* SOURCE MATERIAL
>>

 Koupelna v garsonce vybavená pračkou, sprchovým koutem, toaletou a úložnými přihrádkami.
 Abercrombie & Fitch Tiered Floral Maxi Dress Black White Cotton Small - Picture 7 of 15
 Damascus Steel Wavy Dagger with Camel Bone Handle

<<
>>

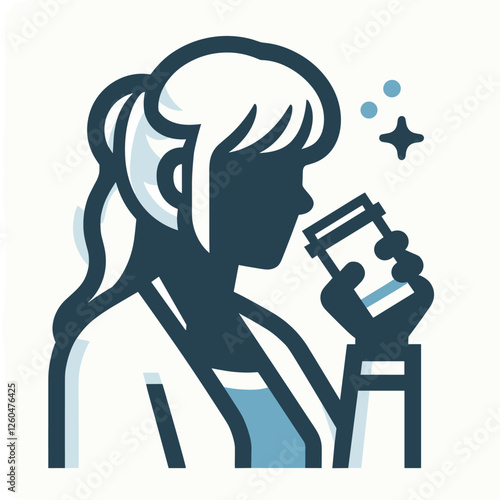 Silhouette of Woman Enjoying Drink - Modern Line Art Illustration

<<
>>

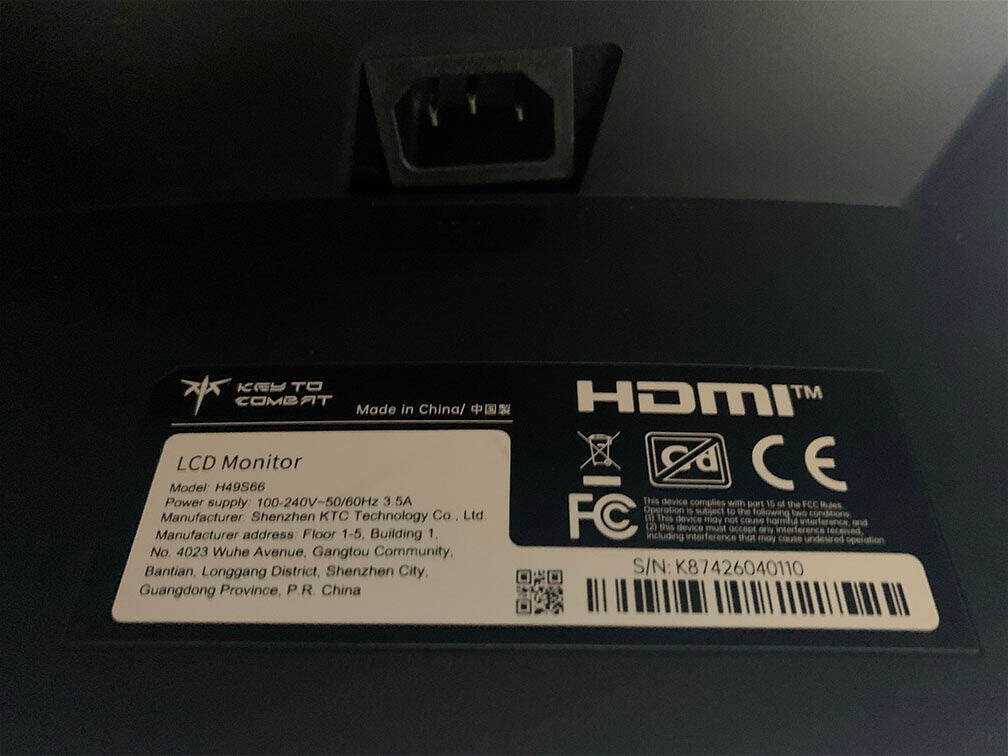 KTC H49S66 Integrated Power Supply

<<

* ASSIGNMENT
Using the records above, restate word for word the lines from the one with "Koupelna v garsonce" through the one with "Damascus Steel Wavy", both included.

* FINAL ANSWER
 Koupelna v garsonce vybavená pračkou, sprchovým koutem, toaletou a úložnými přihrádkami.
 Abercrombie & Fitch Tiered Floral Maxi Dress Black White Cotton Small - Picture 7 of 15
 Damascus Steel Wavy Dagger with Camel Bone Handle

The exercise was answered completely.